Inasmuch I fancy myself above the fray, I am still irrationally moved by bottle prices and points awarded. Heck, I have written about it in this forum before! For instance, just the other night we had one of our food and wine couples over for a South American “parrillada” (“parrilla” = grill) with all sorts of meats and sausages. At most, the delectable wines we paired were around the $20 price range and who knows if they even had points awarded to them. And guess what? They were delicious and right on point!
There is no question that expensive wines will almost always be well crafted. Notice that I say “well crafted” and not “good”. The latter is what YOU like, and no points critic can tell you what that is…unless, of course, you happen to find a points guy/gal with whom you share a similar palate.
Here is what I think is a foolproof way of picking great values, as defined the most delicious wine and the lowest price possible for a specific region, while obviating any points pollution: look out for producers’ second wines.
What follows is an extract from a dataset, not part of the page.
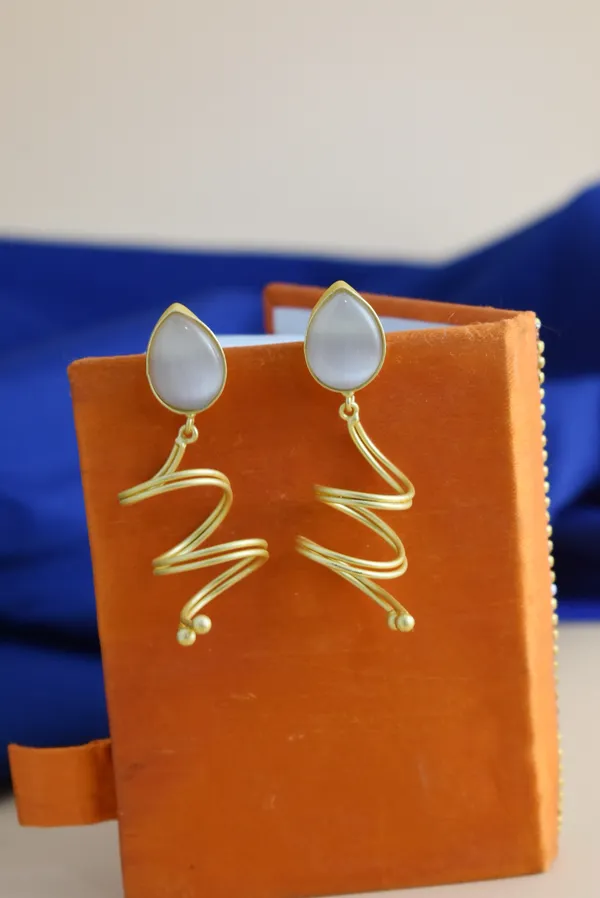 Brass_Grey_Stone_Earring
These are wines, often of the very same blends and varietals, from parts of the property that may not have the best location as defined by sun exposure, elevation, water availability, etc. Sometimes, these wines’ provenance is from vintages when the grapes are “declassified” because they did not attain certain stringent quality expectations. This is like talking about A+ vs. B+; not the best but still pretty great. Moreover, these second wines are often made in order to cleverly market a first wine. How else could you have a “best wine” if you did not have a “second best”? And again, the difference between these wines can just be a matter of grapes that grow a few feet between their respective vine blocks. Remember that in the Old World the appellations are terroir driven and therefore mandate specific delimitations. Consequently, the vines from across the driveway, although technically not within the boundaries of the appellation, are still darn close in quality and character to those that are.
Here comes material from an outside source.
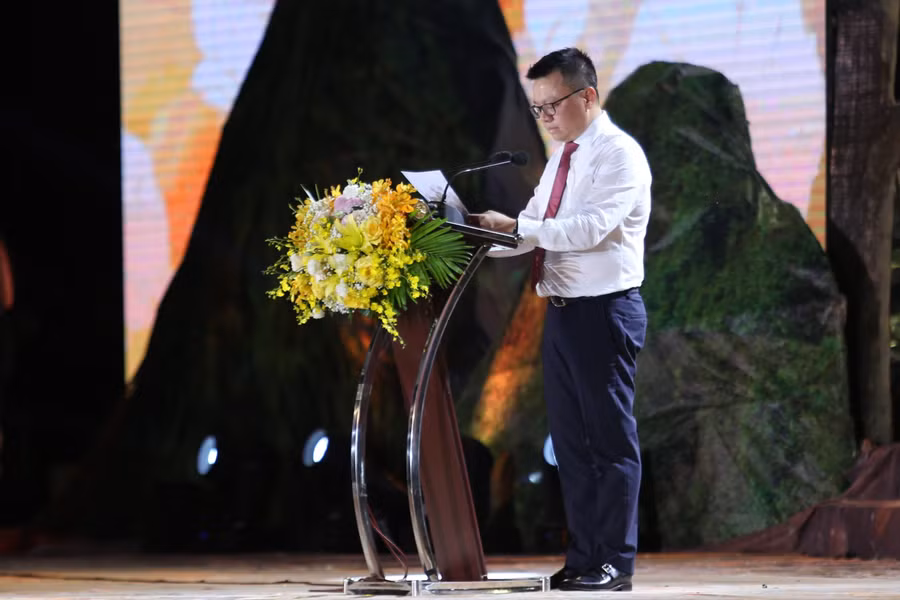 Ông Lê Quốc Minh – Tổng Biên tập Báo Nhân Dân phát biểu khai mạc chương trình.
The wines from Hermitage, in the Northern Rhone, are for many the golden standard expression of Syrah. Unfortunately, they can be quite expensive. But if you go to the other side of the hill (Croze-Hermitage) or across the river (Saint Joseph) you will experience fantastic expressions of the grape at a fraction of the price. Also, in France, in what is known as the Right Bank of Bordeaux, you will find the Merlot predominant wines of St. Emilion. They are fabulous but again, pricey. All you must do is to wander due east over the border of the appellation to find the “satellite” appellations of Saint Georges, Montagne, Puisseguin, and Lussac. These are easily available wines that deserve a drink.
In Italy, you can readily find many of these seconds wines as well. To name a few, you have the Nebbiolo based wines of Piemonte that are produced in neighboring areas to Barolo and Barbaresco. The same grape at great prices. If Brunellos are your thing, how about trying some Rosso de Montalcino?
As you have seen, there is no need to be seduced by the points/price siren song. After all, remember that those sirens were most likely visions of manatees.
Stay away from the points-half fish woman who ended up being an expensive-ugly sea mammal and come around those wines that are not mythical and make sense.
Lorenzo, the wine guy
Friends, food, and wine...I'm happy there.